Initial Lung metastases (OR = 0.35 95% CI = (0.19 - 0.63), p = 0.001), BRAF mutation (OR = 0.33 95% CI = (0.12-0.82), p = 0.03) and high alkaline phosphatase (OR = 0.51, 95% CI = (0.31-0.81), p = 0.006) were associated with less chance of conversion to resectability and in case of lung metastases also of being resected if resectability at nadir was observed (OR = 0.33, 95% CI = (0.08-1.04) p = 0.046). Early tumor shrinkage (=ETS: -20% tumor diameter after 6 weeks therapy) and depth of response (DpR) were associated with conversion to resectability (ETS: OR = 1.86, 95% CI = (1.06-3.3), p = 0.034, DpR: OR = 1.02, 95% CI = (1.01-1.03), p < 0.001). Metastatic resection improved post-nadir survival (HR = 0.53, 95% CI = (0.29- 0.97), p = 0.04). This was pronounced in cet-treated patients as compared to bev-treated patients (HR (cet)=0.17, 95% CI = (0.04-0.69), p = 0.01; HR (bev)=0.89, 95% CI = (0.47-1.69), p = 0.73; interaction test p = 0.02).

Conclusions

Conversion to resectability is associated with baseline characteristics like lung metastases and BRAF mutation as well as with early efficacy parameters (ETS, DpR). In FIRE-3, resection of metastases was associated with improved post-nadir survival, this effect originated predominantly from the cetuximab-based study arm.

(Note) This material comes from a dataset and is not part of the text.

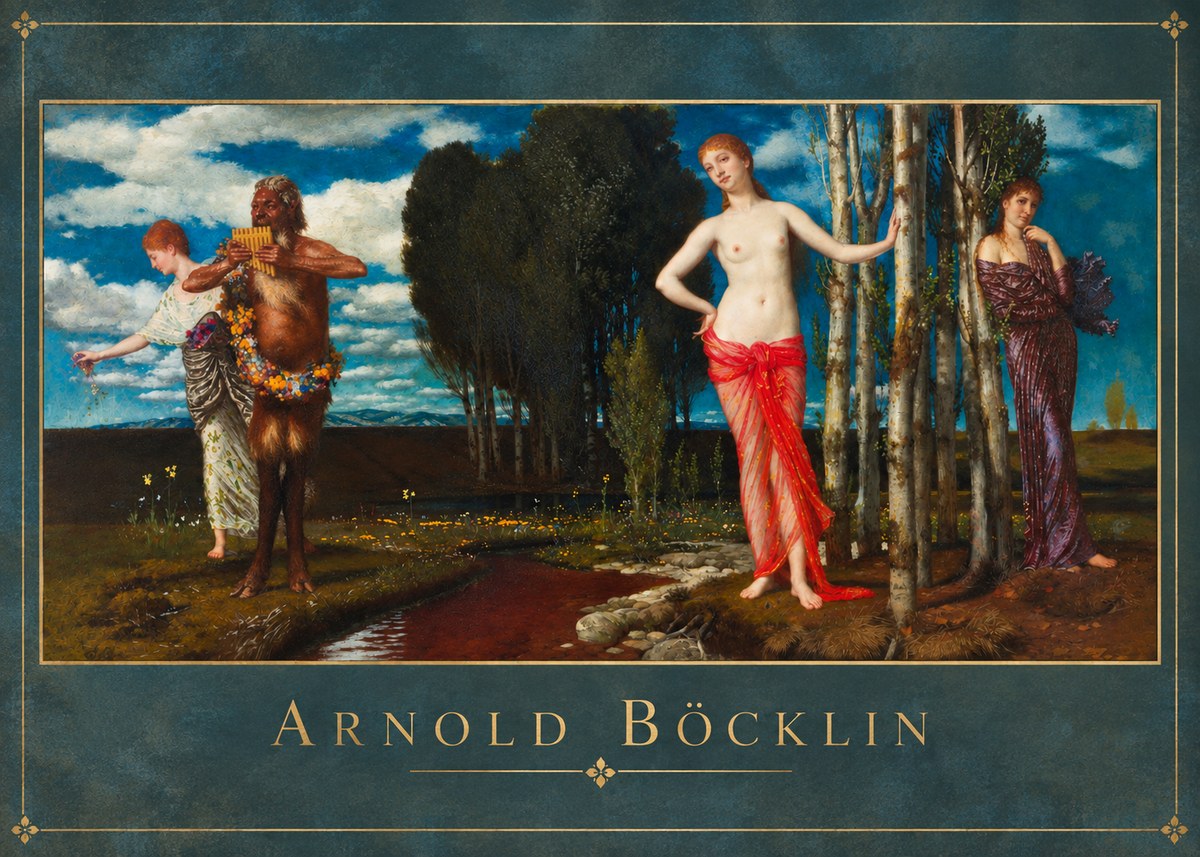 Arnold Böcklin Spring Evening No2 - Affiche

Clinical trial identification

NCT00433927.

Legal entity responsible for the study

Klinikum der Universität (LMU), Munich, Germany.

Funding

Merck Serono.

Editorial Acknowledgement

Disclosure

D.P. Modest: Grants: Merck KGaA, Pfizer, Visage Imaging, during the conduct of the study; Grants and personal fees: Merck KGaA, Amgen, Roche, Bayer; Grants: Sanofi, outside the submitted work. V. Heinemann: Grants: Merck, Pfizer during the conduct of this study, Grants: Amgen, Roche, Sanofi Sirtex outside the submitted work. G. Folprecht: Honoraries: Roche/Genentech, Bayer, Amgen, Lilly and Servier, Study grant, Honoraries: Merck-Serono, outside the submitted work. T. Denecke: Grants and personal fees: Bayer and B.E Imaging; Personal fees: Toshiba, Novartis, Ipsen and Parexel; Grants, personal fees and non-financial support: Siemens, GE; Grants: Guerbet; Non-financial support: Visage Imaging, outside the submitted work. C. Bruns: Personal fees: Merck, Sirtex, Grant: Celgene, outside the submitted work B. Gebauer: Personal fees: Merck KGaA, Pfizer; Personal fees, Study support: Visage Imaging, during the conduct of the study; Personal fees: Parexel, C.R. Bard, Sirtex Medical, Roche, Merck, Bayer, Icon, Ipsen, Siemens outside the submitted work; Travel support: Cook Medical, 3M, St Jude Medical; Travel and study support: AngioDynamics; Study support: Philips, outside the submitted work U. Neumann: Study grant: Merck during the conduct of the study; Study grant and personal fees: Merck outside the submitted work; Personal fees: Roche, Amgen, Novartis, Chiesi and Astellas during the submitted work. All other authors have declared no conflicts of interest.